Pensar racionalmente o Semiárido não é impossível. Têm-se, pelo menos, quatro sugestões que merecem ser lembradas. A primeira delas vem do GTDN, coordenado por Celso Furtado, que na década de 1950 recomendava, além de tópicas soluções hidráulicas, a remoção de parte da população para colonizar a pré-Amazônia no Maranhão e a integração mediante cadeias as atividades produtivas do Semiárido e da Mata Atlântica, o que também foi pensado durante o enclave holandês que durou de 1630 a 1654. A segunda foi o Projeto Base Zero, concebido pelo engenheiro mecânico José Artur Padilha, que consiste na construção de barramentos em forma de arco romano deitado que quebrem a velocidade do escoamento das chuvas, o deflúvio ou runoff, e orientem a vazão para baixadas protegidas com pedras para evitar a evaporação elevada. Este procedimento, que supõe uma gestão de microbacias hidrográficas, deve ser implantado como projeto coletivo de produtores, tem capacidade de estabelecer umidade permanente nas baixadas com crescimento da flora e da fauna. O Projeto Base Zero deve também ser acompanhado de medidas contra o desmatamento da caatinga e de formação de APAS. A terceira sugestão seria a boa gestão dos recursos hídricos existentes mediante redução de perdas e desperdícios, otimização do uso, reuso etc., como preceitua o engenheiro agrônomo e pesquisador da Fundação Joaquim Nabuco, João Suassuna. Faça-se justiça, João Suassuna foi o primeiro pesquisador brasileiro a criticar a Transposição do São Francisco antes de as obras terem início, oferecendo a alternativa de gestão criteriosa dos recursos hídricos, cunhando a expressão, Solução hidro(i)lógica. A quarta e última sugestão vem do Fórum Brasil, criado por Alysson Paulinelli, no bojo das discussões sobre o potencial dos biomas brasileiros e foi concebida pelo engenheiro agrônomo e pesquisador Amilcar Baiardi, que vos escreve. A mesma prevê que na Depressão Sertaneja, parte da caatinga mais imprópria para a agricultura convencional, com base no estado da arte das tecnologias, se crie um módulo avançado de agricultura e pequena pecuária, utilizando a água salobra proveniente das perfurações (cabe esclarecer que os poços artesianos perfurados no Semiárido quase nunca produzem água doce) para culturas hidropônicas, para carcinicultura e cultura de algas, tudo integrado, com aproveitamento de subprodutos e com viabilidade econômica demonstrada.
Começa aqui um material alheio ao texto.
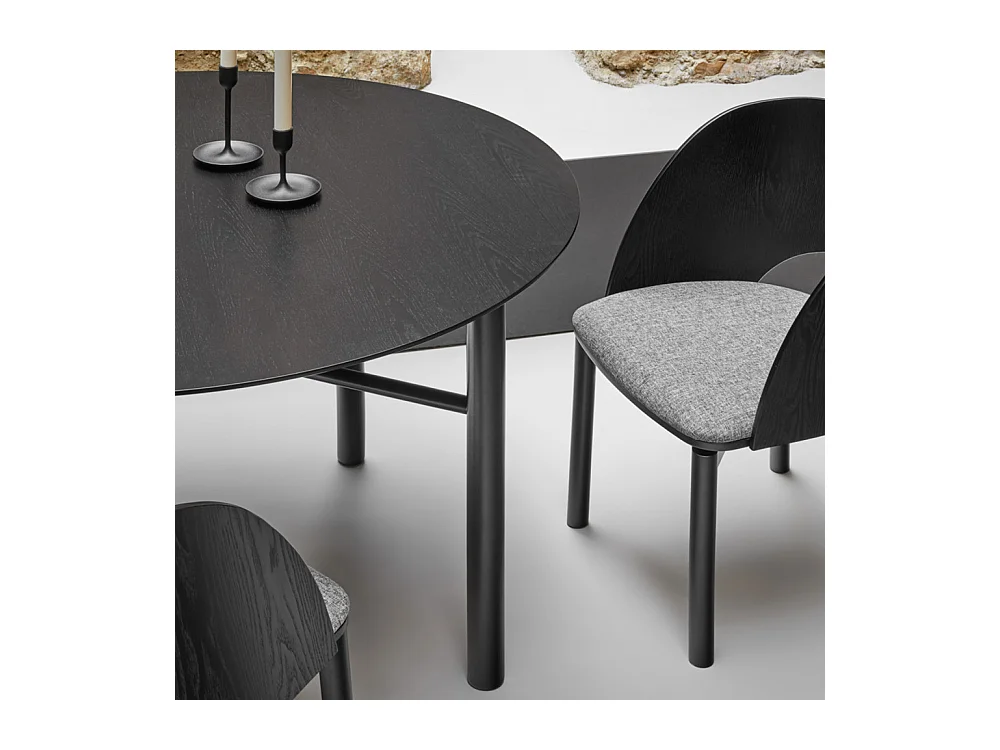 Junco - Table à manger 4 personnes ronde en bois - Couleur - Noir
Soluções racionais não interessam aos políticos do Nordeste que se perpetuam eleitoralmente pela via da “indústria da seca” e pela via do clientelismo assistencialista praticado pelo MDA e governos do PT. Preferem gastança pública, o mais do mesmo, como recentíssimo projeto financiado pela BNDES e pelo FIDA, denominado Sertão Vivo, que receberá R$ 1,75 bilhão para 430 mil famílias, a serem selecionadas pelo Consórcio Nordeste. Enquanto isso a região permanece estagnada relativamente. Cinco décadas de fundos constitucionais não fizeram o Nordeste ter uma participação maior no PIB nacional. A região continua com o número de beneficiados pela Bolsa Família sendo maior que o número de contratados com carteira assinada, tendo a arrecadação federal menor que as transferências constitucionais da União, como já informado pela Gazeta do Povo. O Pacto federativo não pode perenizar esta dependência. Corrigi-la deve ser uma questão de honra para os nordestinos e nada tem que ver com ameaças divisionistas atribuídas ao governador Romeu Zema, que apenas chamou atenção para essa aberração de mais de 50 anos de desequilíbrio fiscal do Nordeste.

Amilcar Baiardi é engenheiro agrônomo e pesquisador, professor aposentado da UFBA e da UFRB, catedrático da Academia Brasileira de Ciência Agronômica e dá aulas na pós-graduação da Universidade Católica do Salvador.